In this work, modern signs of progress in terms of membrane fouling control and novel configurations in MBRs are discussed. Employed for biofouling control, the QQ technique is briefly introduced. As a clean method used for coping with membrane fouling, the ultrasonic technique is shortly discussed. Finally, surface grafting techniques for dealing with membrane fouling are also suggested. From this work, the following conclusions can be drawn:

1) MBR fouling troubles have drawn the interest of researchers, practitioners, and MBR suppliers, and have conducted to diverse fouling-mitigation options, optimization procedures, and fresh commercial products. Such ameliorations focused on the module arrangement, aeration procedures, control setups, surface amendments, low-energy membrane cleaning techniques, or new fouling mitigation procedures, for instance, mechanical cleaning with granular medium [98], membrane vibration, or electric field.
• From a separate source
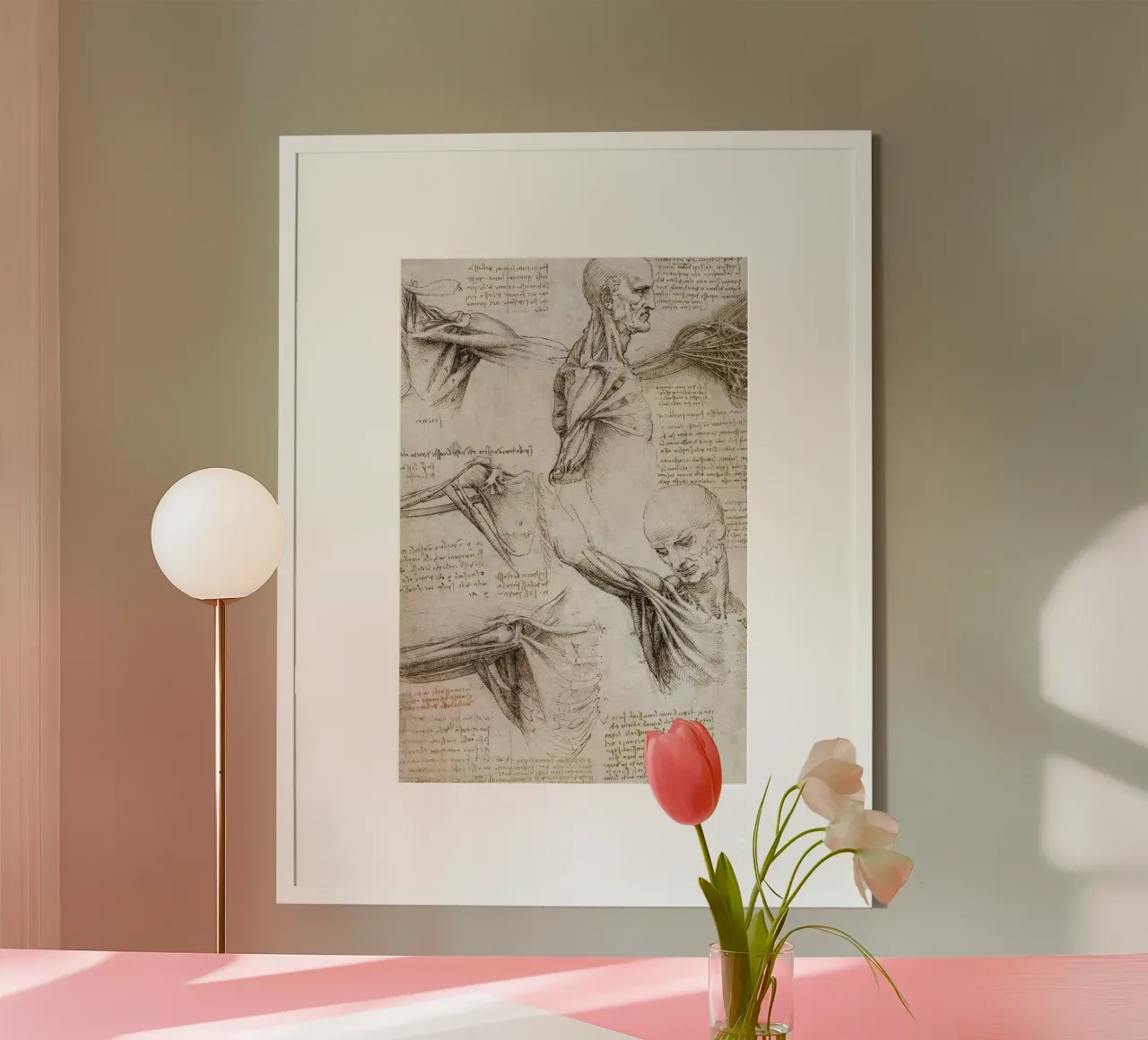 Muscoli e tendini della spalla e dell'arto superiore di Leonar poster con telaio in plastica da James McIntosh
Numerous new MBR arrangements have been suggested to ameliorate membrane fouling control. Between such ameliorations, hybrid setups, merging MBR with different techniques, employing prospects of the diverse methods to get the better of regular limitations of the MBRs were the most important [1] [99].

2) More research is requested to find the best design and materials of QQ-media with a view to improving QQ activity and to decrease the price of QQ-MBR. Further, it is suggested to present a novel flat-sheet or hollow-fiber membrane modules in which part of sheets or fibers are substituted by QQ-sheets or QQ-fibers, respectively. Such QQ-membrane modules are anticipated to avoid a method for the separation of QQ-media from AS in QQ-MBR. Over the QQ-MBR, the capacity of QQ-technology can be extended to additional membrane techniques in water treatment for biofouling control, like anaerobic MBR (AnMBR) [100] [101] [102], reverse osmosis (RO), forward osmosis (FO) [103], FO-MBR [60], bioelectrochemical systems, BES-AnMBRs [104] [105], thermophilic membrane bioreactors (ThMBRs) [106], etc. [107] [108]. Indeed, the capability of QQ-AnMBR and QQ-RO has previously been established in lab-scale tests [51].
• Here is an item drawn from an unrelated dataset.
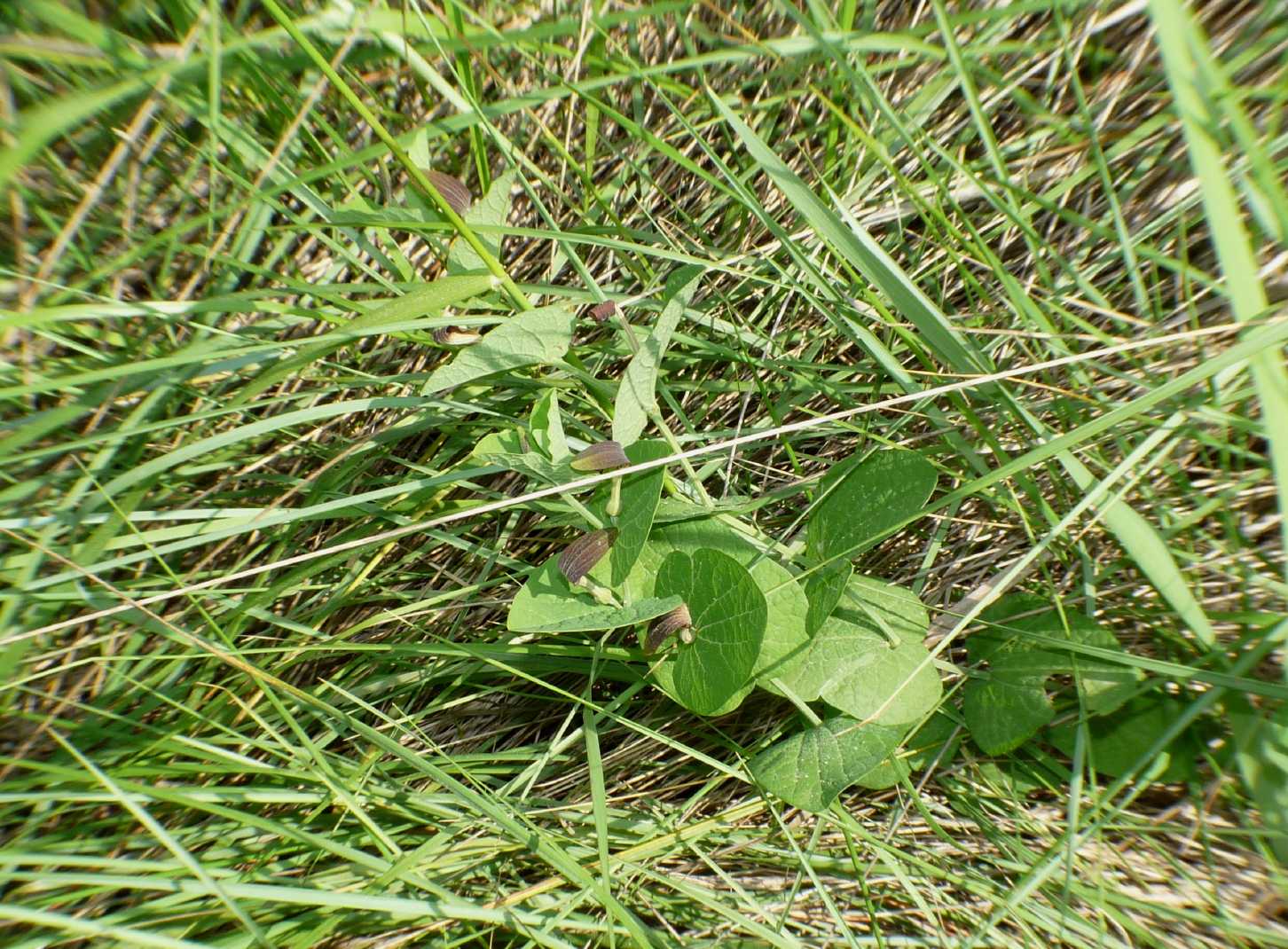 Aristolochia rotunda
3) Even with unceasing enhancements and expansions, fouling control features remain to be fully met. Between the fouling control features, the expansion of original antifouling membranes, stable flux production for long term operation, efficient and/or low-energy membrane cleaning techniques and identification of tailored pretreatment protocols for alleviating the fouling issue stay required [1]. Fresh techniques were successfully employed to deal with the issue of membrane fouling in MBRs, such as nanomaterials, cell entrapment, biological concepts, and electrically-based processes. Nonetheless, implementing such novel fouling alleviation procedures for large scale MBRs needs more study. Sustainable control of membrane fouling necessitates utilizing more than one single strategy [109].


This research has been funded by the Research Deanship of University of Ha’il, Saudi Arabia, through the Project RG-191190.

Cite this paper: Ghernaout, D. (2020) New Configurations and Techniques for Controlling Membrane Bioreactor (MBR) Fouling. Open Access Library Journal, 7, 1-18. doi: 10.4236/oalib.1106579.